_SUPPLIED ENTRIES_.
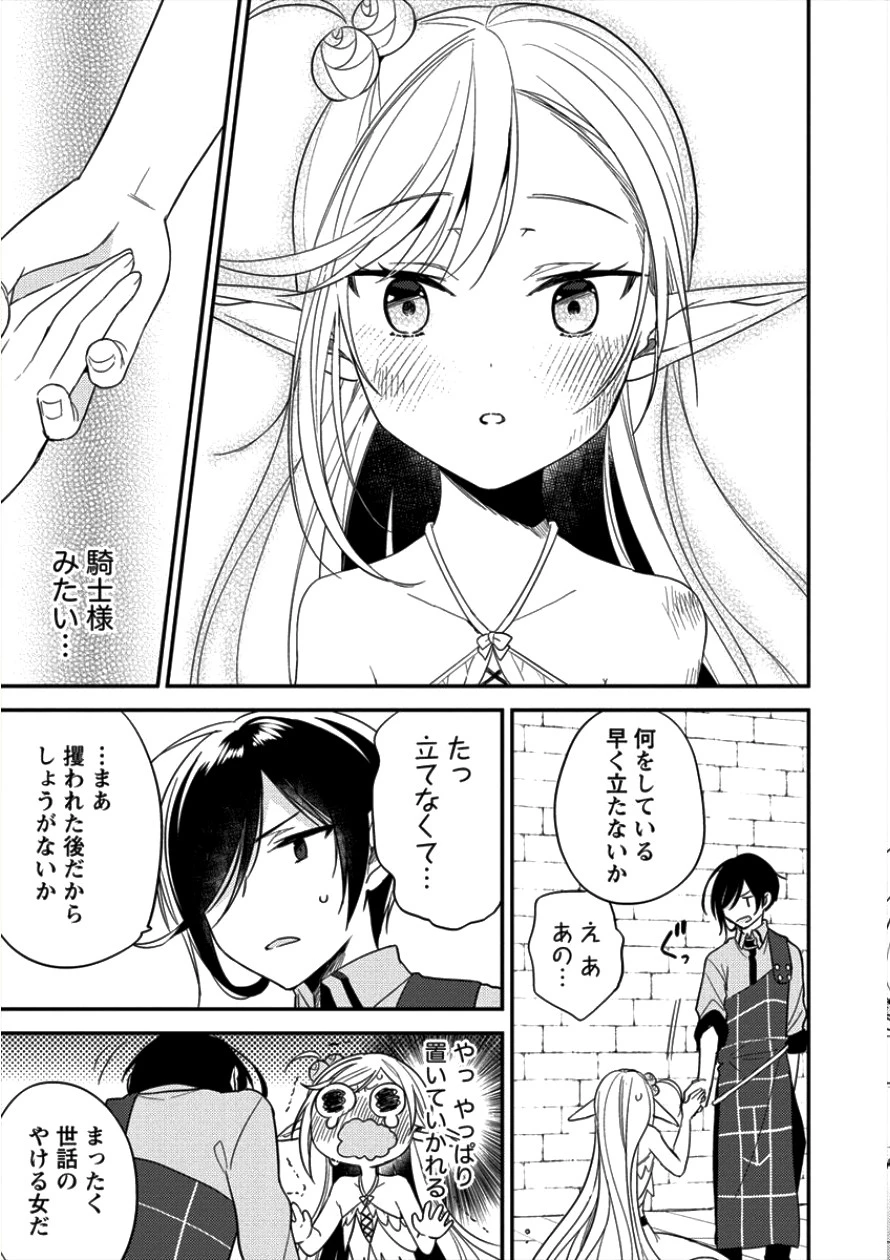 異世界で孤児院を開いたけど、なぜか誰一人巣立とうとしない件 第11話 - 11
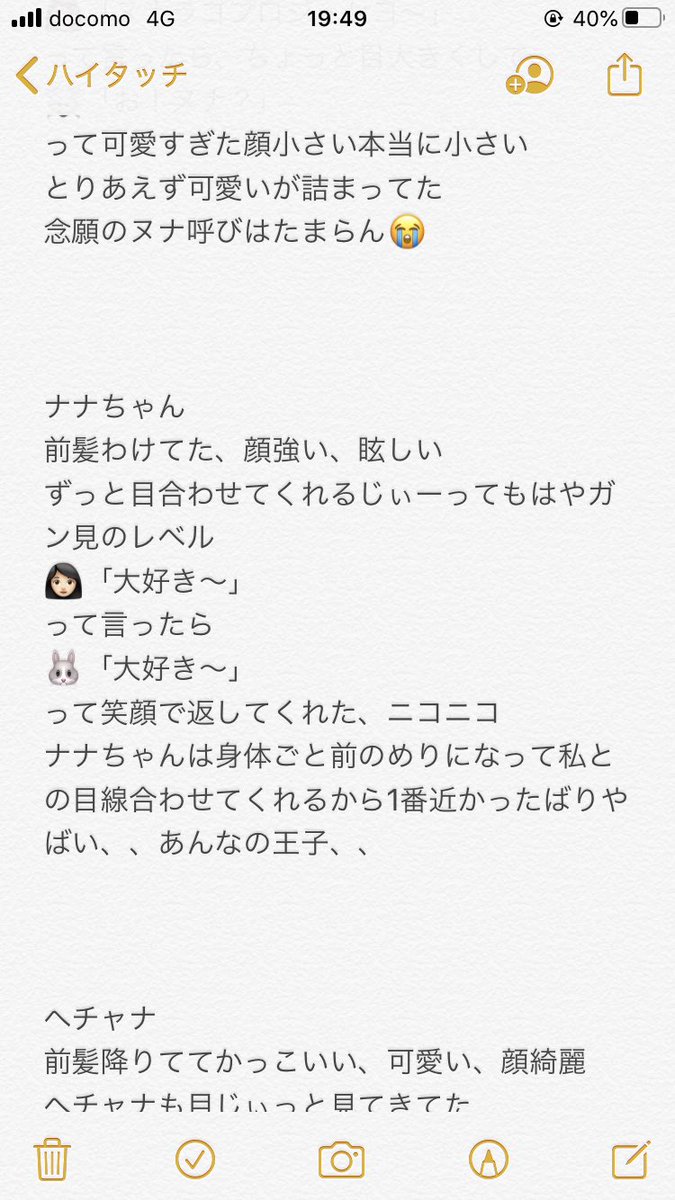 sj_22luv's tweet photo. ドリム ハイタッチ
(全くまとまってない本当に感想←) https://t.co/2qD6Yk3ct4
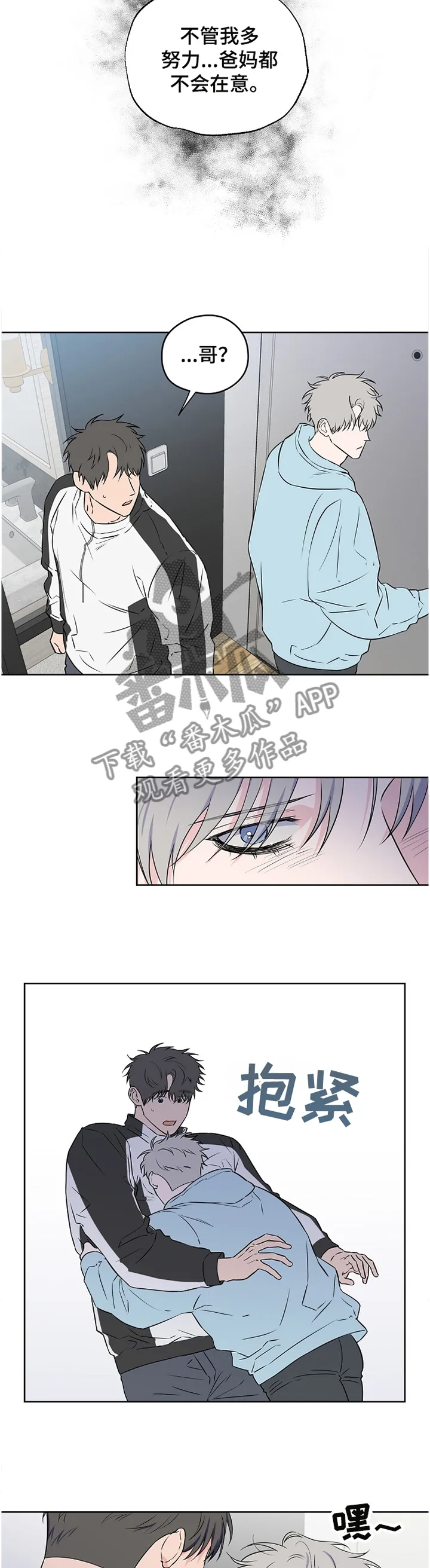 浪漫练习生漫画漫画,第77章：【第二季】喜欢的要死5图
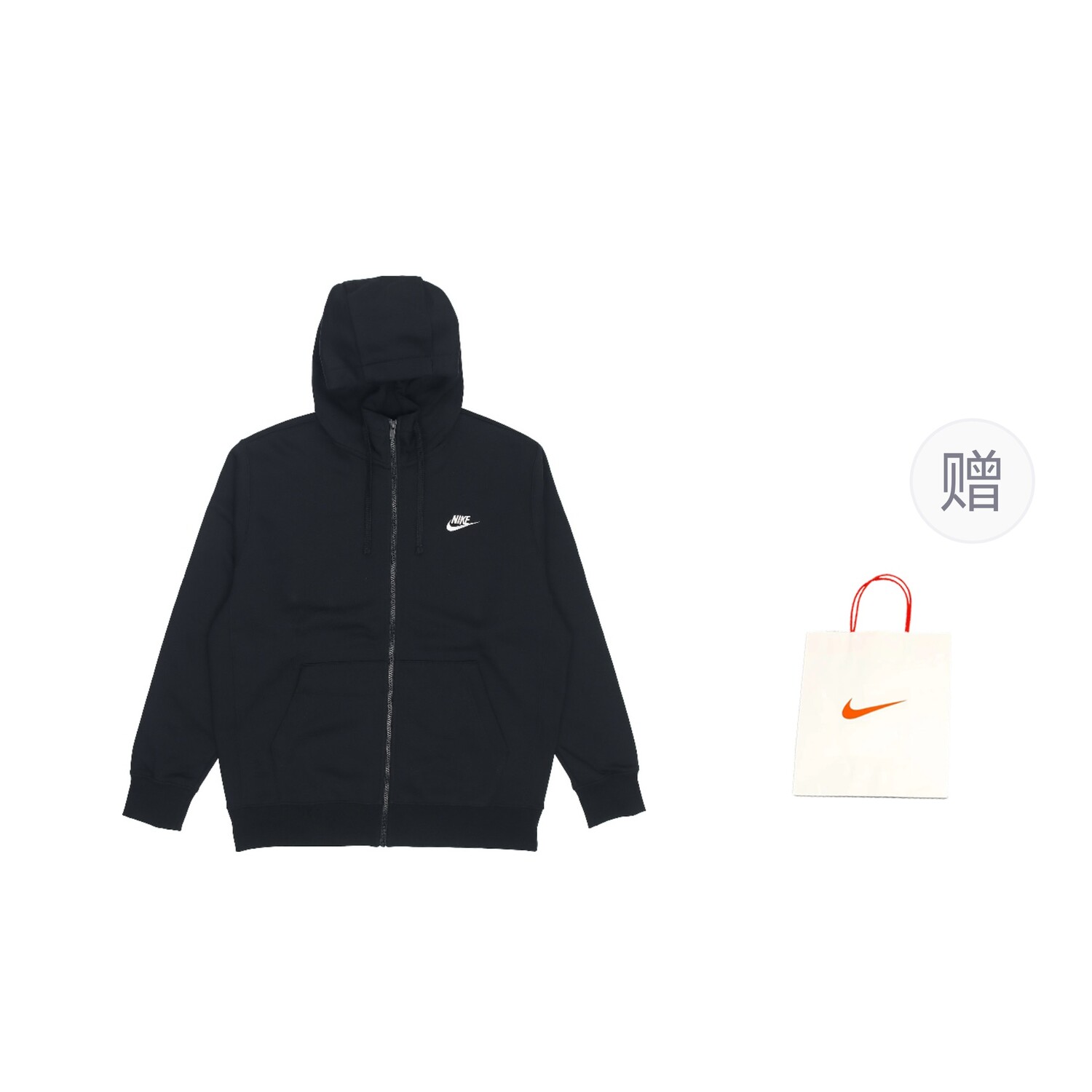 

Спортивная толстовка Club унисекс черная Nike, черный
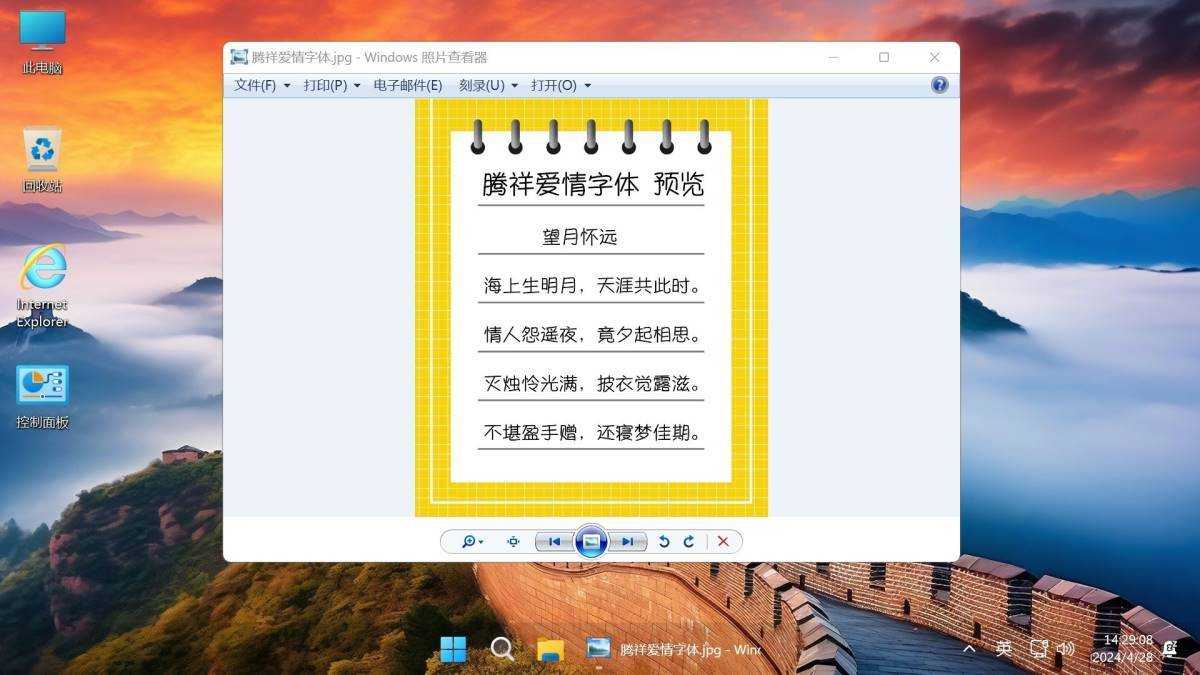Win11 v23H2(22631.4169) 不忘初心游戏版 第13张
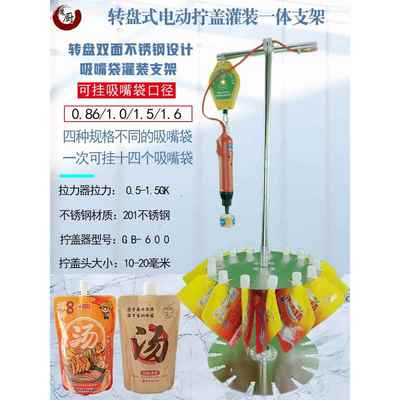 自立吸嘴袋灌装支架螺蛳粉骨汤工具果汁牛奶豆浆中药袋子固定挂架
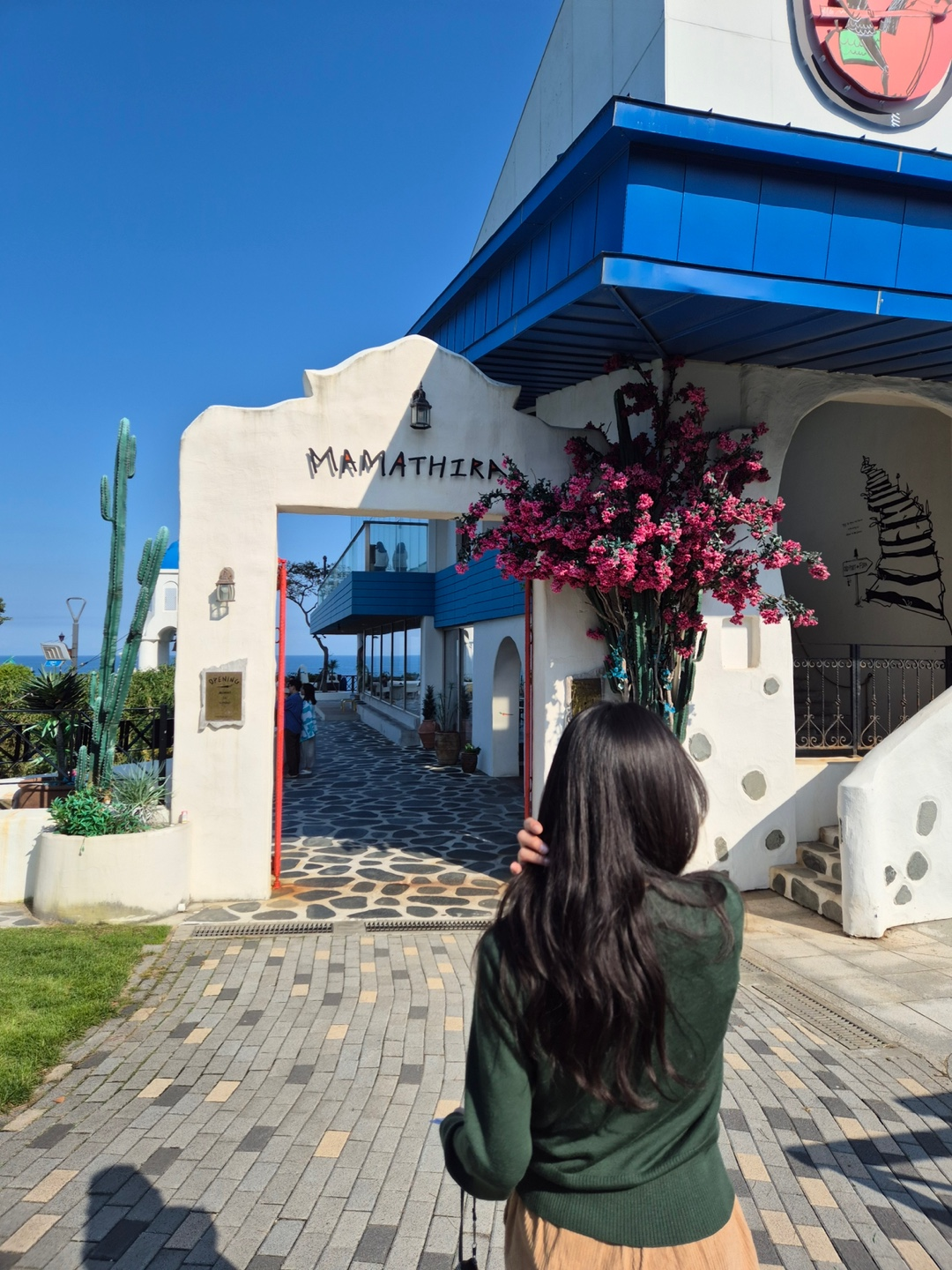 보인다, 카페 마마티라!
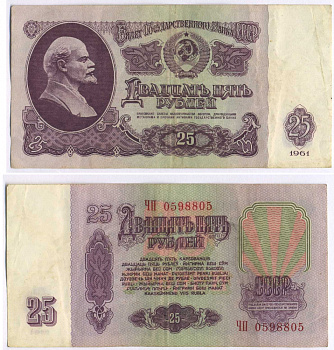 СССР 25 РУБЛЕЙ 1961 ВТОРОЙ ВЫПУСК, ЕСТЬ СВЕЧЕНИЕ В УЛЬТРАФИОЛЕТЕ, РАЗМЕР 124 Х 61 Pick 234b, Сергеев 5b 8588-72-4-2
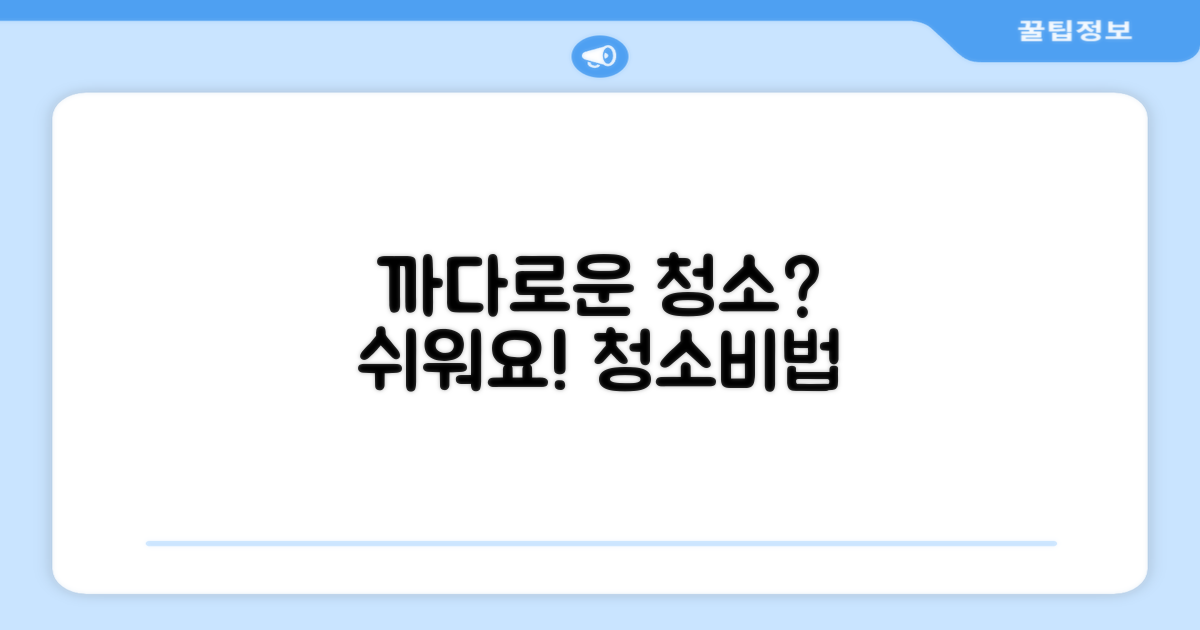 까다로운 청소, 이젠 쉬워져요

_HOW TO COMPLETE THIS TASK_.
Output the listing exactly, without images.

_ANSWER FOR THE TASK_.
 異世界で孤児院を開いたけど、なぜか誰一人巣立とうとしない件 第11話 - 11
 sj_22luv's tweet photo. ドリム ハイタッチ
(全くまとまってない本当に感想←) https://t.co/2qD6Yk3ct4
 浪漫练习生漫画漫画,第77章：【第二季】喜欢的要死5图

Спортивная толстовка Club унисекс черная Nike, черный
Win11 v23H2(22631.4169) 不忘初心游戏版 第13张
 自立吸嘴袋灌装支架螺蛳粉骨汤工具果汁牛奶豆浆中药袋子固定挂架
 보인다, 카페 마마티라!
 СССР 25 РУБЛЕЙ 1961 ВТОРОЙ ВЫПУСК, ЕСТЬ СВЕЧЕНИЕ В УЛЬТРАФИОЛЕТЕ, РАЗМЕР 124 Х 61 Pick 234b, Сергеев 5b 8588-72-4-2
 까다로운 청소, 이젠 쉬워져요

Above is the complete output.